Odigos (YC W23) – Instant distributed tracing for Kubernetes clusters

Hi HN! We’re Eden and Ari, co-founders of Odigos (https://github.com/keyval-dev/odigos). Odigos is an open-source project that lets you instantly generate distributed traces for your applications. It works alongside existing monitoring tools and does not require any code changes.

Our earlier experiences with monitoring tools were frustrating. Monitoring a distributed system with multiple microservices, we found ourselves spending way too much time trying to locate the specific microservice that was at the root of a problem. For example, we once spent hours debugging an application which we suspected was causing high latency, only to find out that the actual problem was rooted in a completely different application

Then we learned about distributed tracing, which solves exactly this problem. Unlike metrics or logs that capture a data point in time in a single application, a distributed trace follows a request as it propagates through a distributed environment by tagging it with a unique ID. This allows developers to understand the context of each request and how their distributed applications work.

The downside is that it is difficult to implement.
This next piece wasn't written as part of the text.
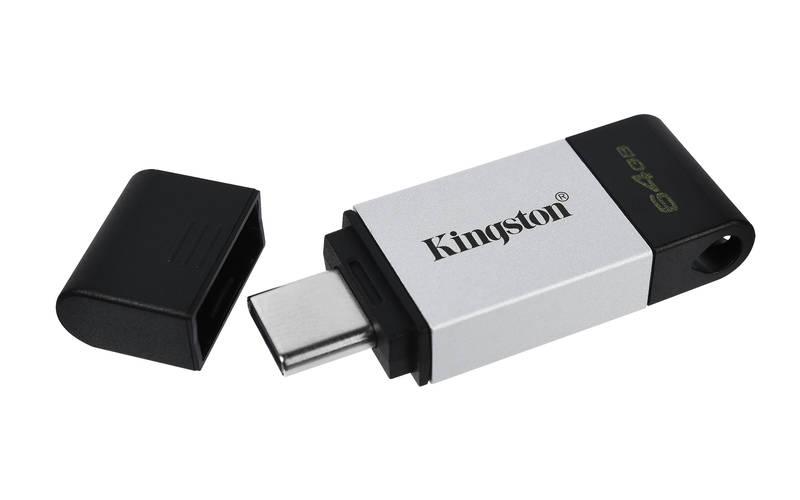 USB Flash Kingston DataTraveler 80 64GB, USB-C černý stříbrný, USB, Flash, Kingston, DataTraveler, 80, 64GB, USB-C, černý, stříbrný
Unlike metrics or logs, the value of distributed tracing is gained only after implementing it across multiple applications. If even one of your applications does not produce distributed tracing, the context propagation is broken and the value of the traces drops significantly.

We manually implemented distributed tracing for multiple companies, but found it a challenge to coordinate all the development teams to instrument their applications in order to achieve a complete distributed trace. Once the implementation was finished, we saw great value and fixed production issues much faster. But partial implementation wasn’t worth much.

We set out to automate this process. We knew how to do most of it, but the trickiest part was how to automatically instrument programs written in compiled languages (like Go). If we could do that, we would be able to automate the entire process of generating distributed traces. While researching, we realized that eBPF—a technology that allows the Linux kernel to load external programs for execution within the kernel—could be used to develop automatic instrumentation for compiled languages. That was the final piece of the puzzle, and with it we were able to develop Odigos.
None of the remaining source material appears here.